[Opening Input section]

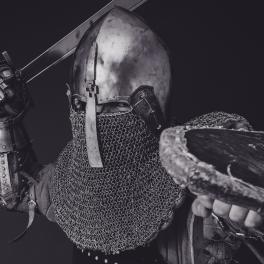 Black and white image of a knight in armor raising his sword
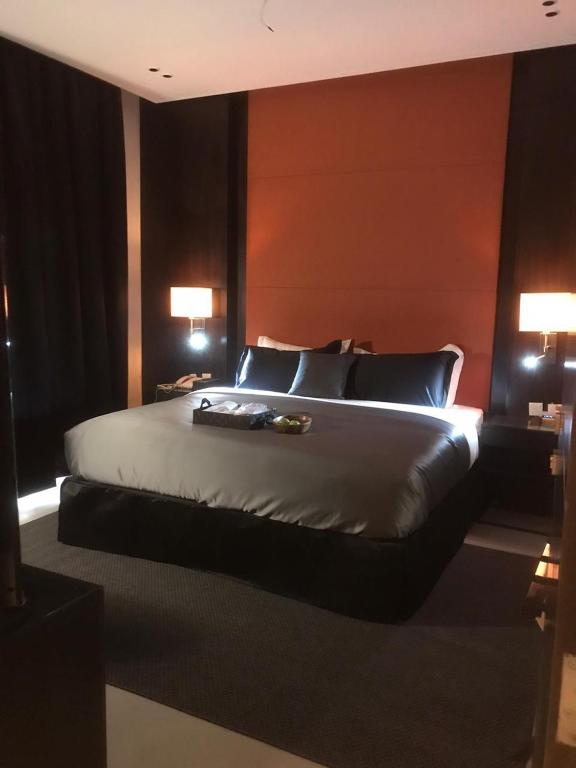 Postel nebo postele na pokoji v ubytování Dana Hotel Residence1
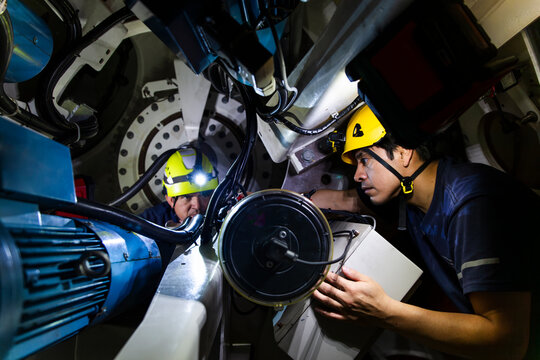 Engineers performing maintenance on a wind turbine nacelle rotor indoors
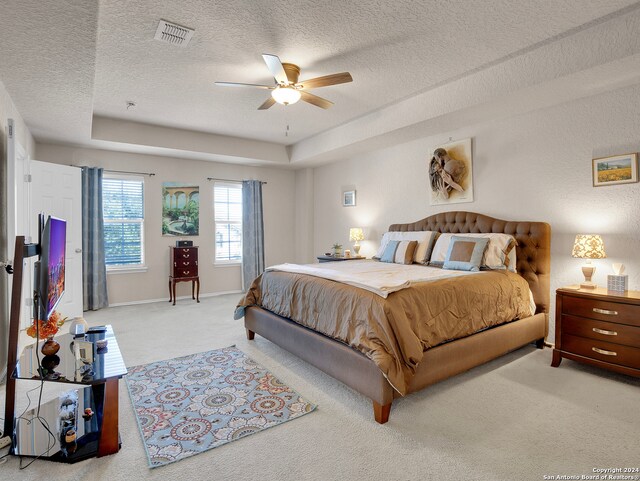 carpeted bedroom with ceiling fan, a raised ceiling, and a textured ceiling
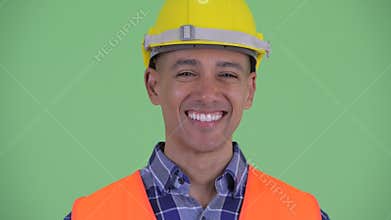 Face of happy multi ethnic man construction worker smiling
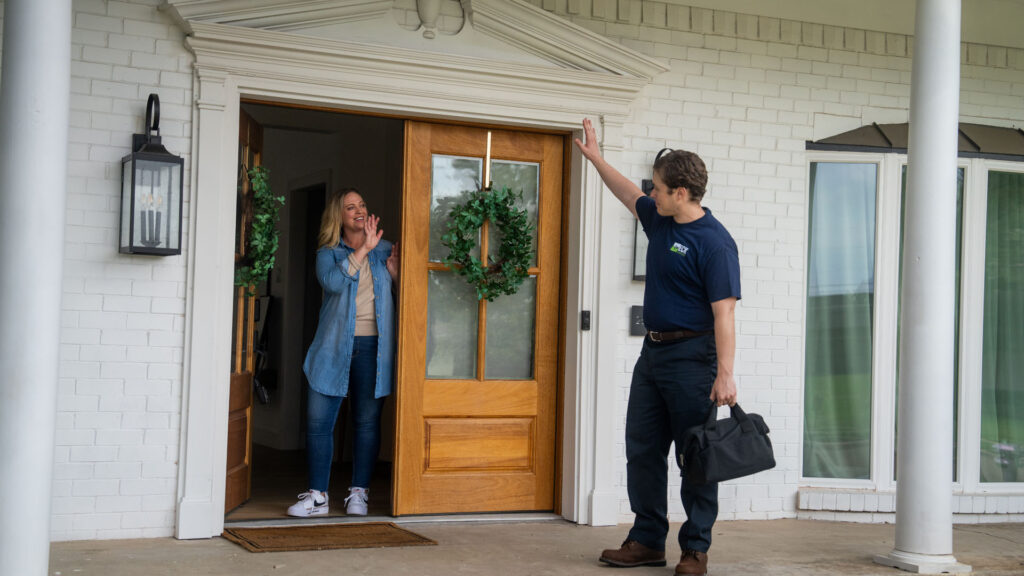 technician waving goodbye to customer
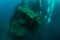 Scuba divers in wreck. Scuba diving in caribbean sea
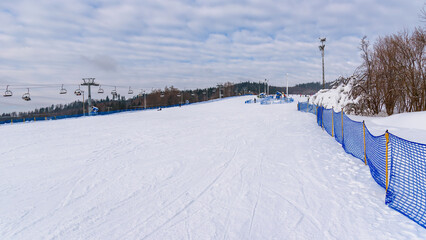 Groomed ski slope with a chairlift and blue safety netting at a mountain resort in winter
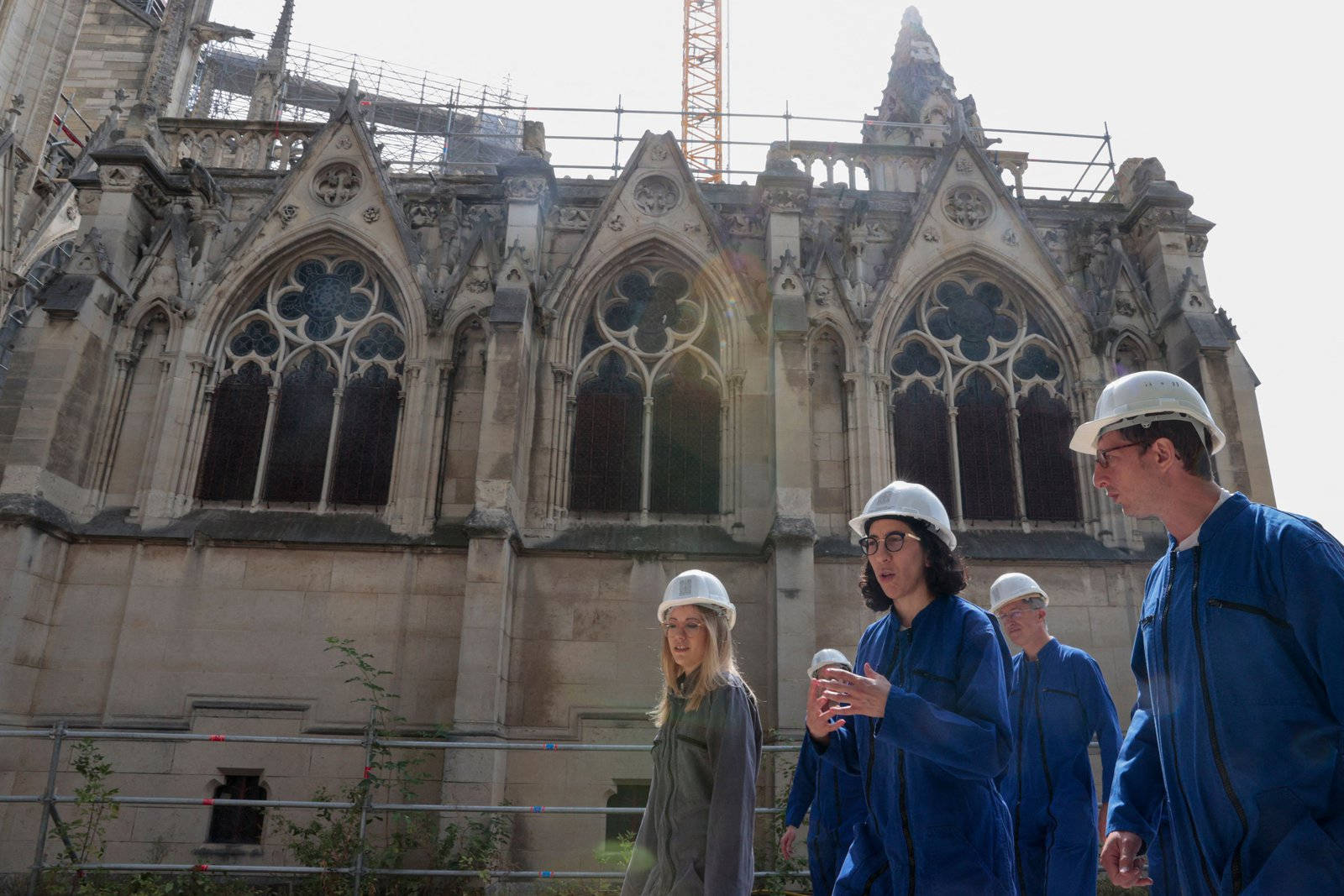 Notre Dame 桌布 壁紙 — 四名身穿藍色制服和白色安全帽的建築工人在燦爛的陽光下站在巴黎聖母院的哥德式立面前。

[Closing Input section]

Restate the data above exactly, stripping out each image.

Answer for this exercise:
 Black and white image of a knight in armor raising his sword
 Postel nebo postele na pokoji v ubytování Dana Hotel Residence1
 Engineers performing maintenance on a wind turbine nacelle rotor indoors
 carpeted bedroom with ceiling fan, a raised ceiling, and a textured ceiling
 Face of happy multi ethnic man construction worker smiling
 technician waving goodbye to customer
 Scuba divers in wreck. Scuba diving in caribbean sea
 Groomed ski slope with a chairlift and blue safety netting at a mountain resort in winter
 Notre Dame 桌布 壁紙 — 四名身穿藍色制服和白色安全帽的建築工人在燦爛的陽光下站在巴黎聖母院的哥德式立面前。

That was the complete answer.